In the official 10 week campaign we served about one billion targeted digital adverts, mostly via Facebook and strongly weighted to the period around postal voting and the last 10 days of the campaign. We ran many different versions of ads, tested them, dropped the less effective and reinforced the most effective in a constant iterative process.

Beating the establishment

Cummings takes pleasure in how his campaign went against the grain of establishment thinking:

Many bigshot traditional advertising characters told us we were making a huge error. They were wrong. It is one of the reasons we won ...

Physicists and mathematicians ... can successfully invade politics and devise things that rout those who wrongly think they know what they are doing.

I personally saw early signs of the potency of digital campaigning in last year's British general election. The right-wing Conservative party unexpectedly won an overall majority by a digital GOTV effort that targeted voters most likely to switch with messages their data told them would be persuasive. While Labour lost seats to the SNP in Scotland, the Conservatives piled on seats largely by building on the collapse in votes for the Liberal Democrats who had been part of the Coalition government — those wins proved enough to deliver the Conservatives a majority.
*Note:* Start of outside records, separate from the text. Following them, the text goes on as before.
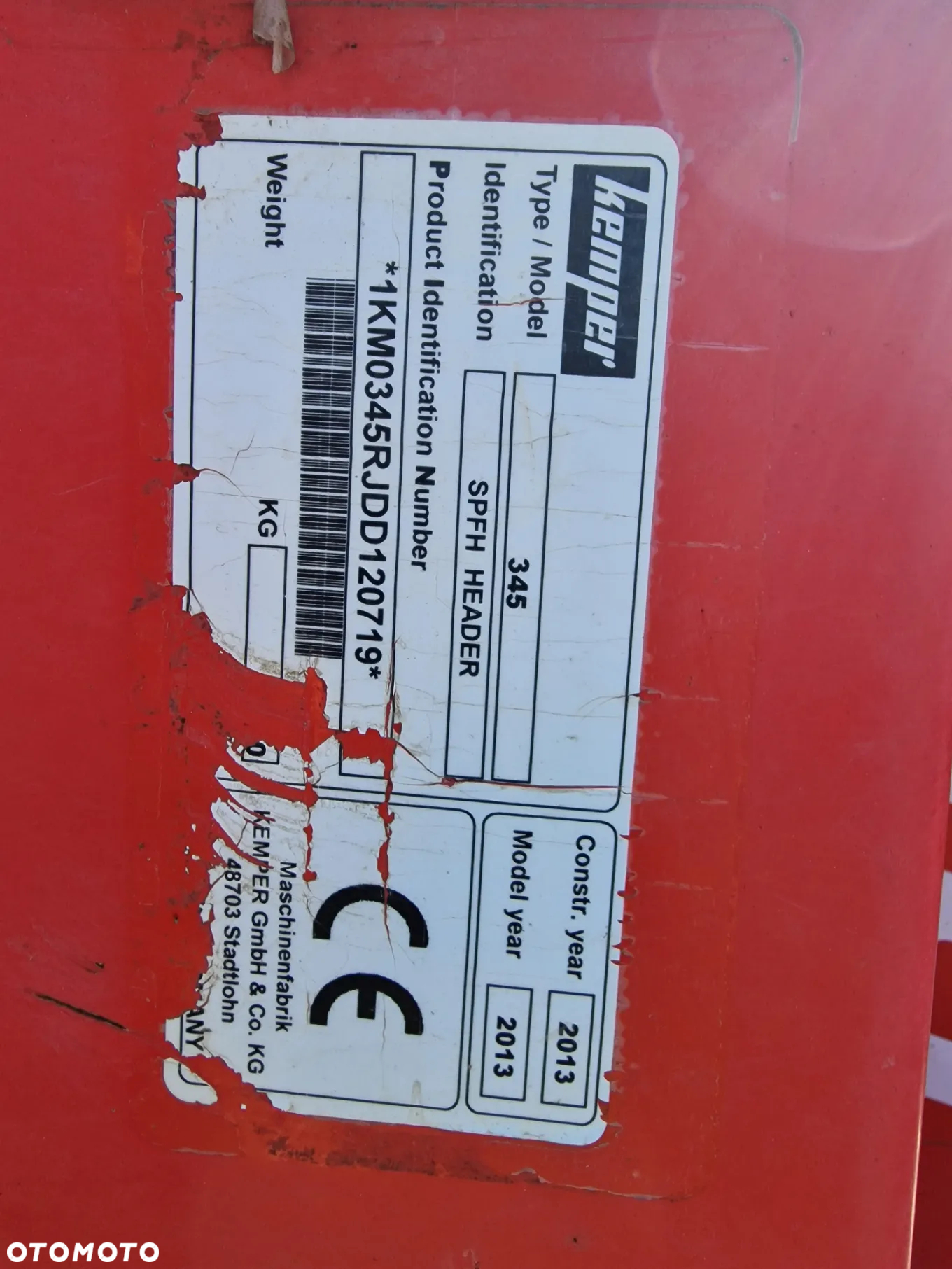 Kemper 345, 2013rok, 6 rzędy - 6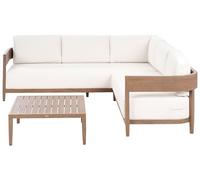 Canapé d'angle de Jardin 5 Places Coussins Beige avec Table Basse Aluminium Marron Sampieri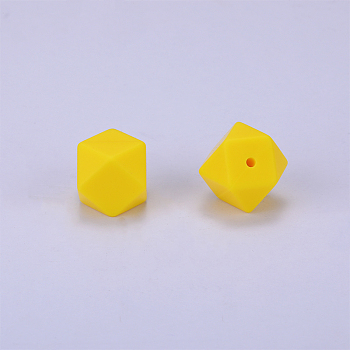 Hexagonal Silicone Beads, Chewing Beads For Teethers, DIY Nursing Necklaces Making, Yellow, 23x17.5x23mm, Hole: 2.5mm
I happen to live in the only constituency in southern England that retains a Liberal Democrat MP. He knows he would have lost his seat if the Conservatives had plowed the same resources they did into neighbouring seats. Those campaigns in other seats are currently the target of a Channel 4 News investigation into whether the Conservative party broke election law by spending so much on their campaigns in swing seats. The data was guiding the allocation of resources, but while there was some very effective Facebook advertising going on, the campaigns were also relying on more traditional and labor-intensive GOTV methods.

My take

There's a substantial irony here in that the technologies Silicon Valley champions have been deployed most effectively in recent elections by those who oppose the values it upholds. It was the non-conformist Brexit and Trump campaigns that thought out-of-the-box while the establishment was left floundering with tried-and-tested processes that no longer worked. The disruptive innovation meme of the technology industry has been repurposed to further a politically conservative agenda.

The power of data is incontrovertible, but it's unevenly spread and that's skewing our democracy. Should the outcome of an election depend on who has access to the best data algorithms? In the UK, the use of money to influence election results has been regulated since the nineteenth century, and candidates have to adhere to strict expenditure limits during the campaign. One response to recent events might be to  regulate the use of data to influence election votes. But that shouldn't be necessary so long as the losing side learns its lessons and forges a digital strategy in time for the next big electoral test. If Silicon Valley wants to see its values regain the ascendancy, it must quickly teach its political allies how to disrupt themselves.